What you need to do => What is needed is an exact copy of every line from the one with "a table with" to the end of the entries below, without the pictures.

************

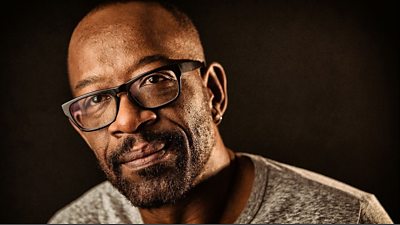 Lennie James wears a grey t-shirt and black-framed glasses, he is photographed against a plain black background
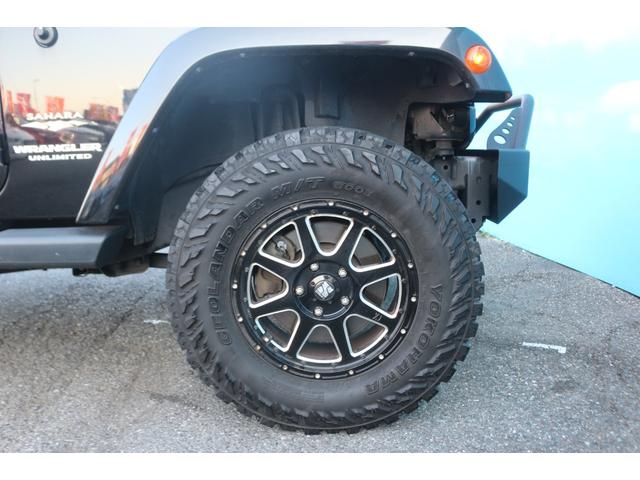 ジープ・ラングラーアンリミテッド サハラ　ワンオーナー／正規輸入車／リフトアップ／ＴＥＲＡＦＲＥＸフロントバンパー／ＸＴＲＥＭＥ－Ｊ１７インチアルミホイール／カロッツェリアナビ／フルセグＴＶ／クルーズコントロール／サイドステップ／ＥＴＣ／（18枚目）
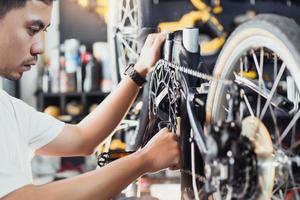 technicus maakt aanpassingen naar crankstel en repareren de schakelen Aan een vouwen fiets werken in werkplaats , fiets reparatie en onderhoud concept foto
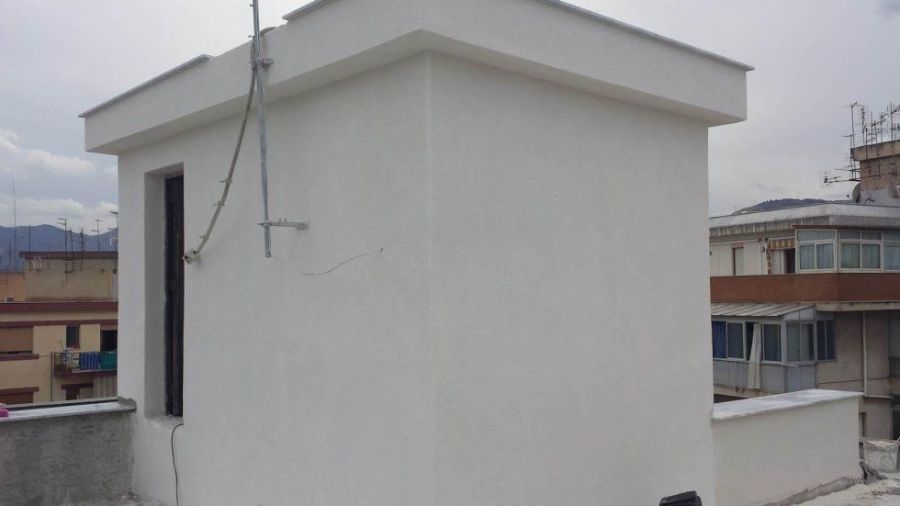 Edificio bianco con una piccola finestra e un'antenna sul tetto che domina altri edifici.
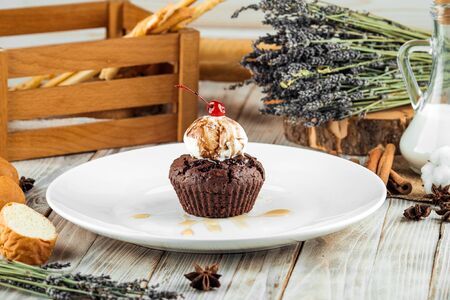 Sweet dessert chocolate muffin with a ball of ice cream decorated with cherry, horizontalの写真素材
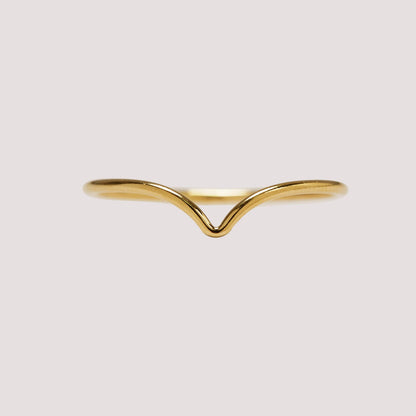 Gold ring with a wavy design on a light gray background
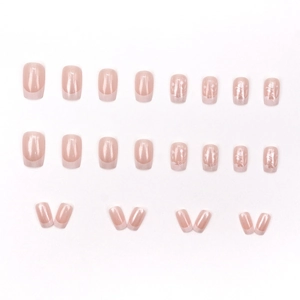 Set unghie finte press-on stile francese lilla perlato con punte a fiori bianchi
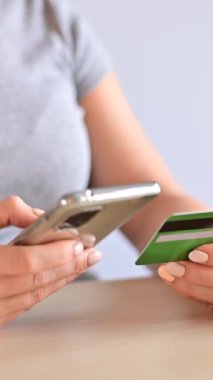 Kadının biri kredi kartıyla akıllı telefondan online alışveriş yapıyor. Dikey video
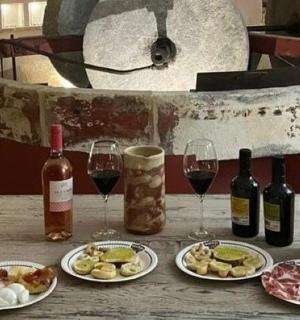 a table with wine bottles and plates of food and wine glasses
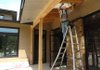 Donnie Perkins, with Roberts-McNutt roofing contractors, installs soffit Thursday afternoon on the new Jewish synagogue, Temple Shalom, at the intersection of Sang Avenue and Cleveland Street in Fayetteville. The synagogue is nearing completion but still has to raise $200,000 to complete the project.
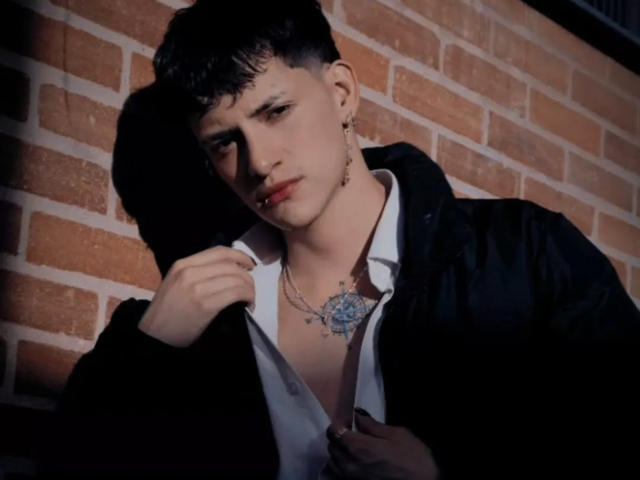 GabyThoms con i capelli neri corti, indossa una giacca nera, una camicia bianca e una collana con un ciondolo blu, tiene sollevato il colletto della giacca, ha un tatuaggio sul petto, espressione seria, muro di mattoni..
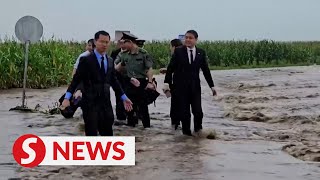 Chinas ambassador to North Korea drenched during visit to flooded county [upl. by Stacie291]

************

Finished task =>
 a table with wine bottles and plates of food and wine glasses
 Donnie Perkins, with Roberts-McNutt roofing contractors, installs soffit Thursday afternoon on the new Jewish synagogue, Temple Shalom, at the intersection of Sang Avenue and Cleveland Street in Fayetteville. The synagogue is nearing completion but still has to raise $200,000 to complete the project.
 GabyThoms con i capelli neri corti, indossa una giacca nera, una camicia bianca e una collana con un ciondolo blu, tiene sollevato il colletto della giacca, ha un tatuaggio sul petto, espressione seria, muro di mattoni..
 Chinas ambassador to North Korea drenched during visit to flooded county [upl. by Stacie291]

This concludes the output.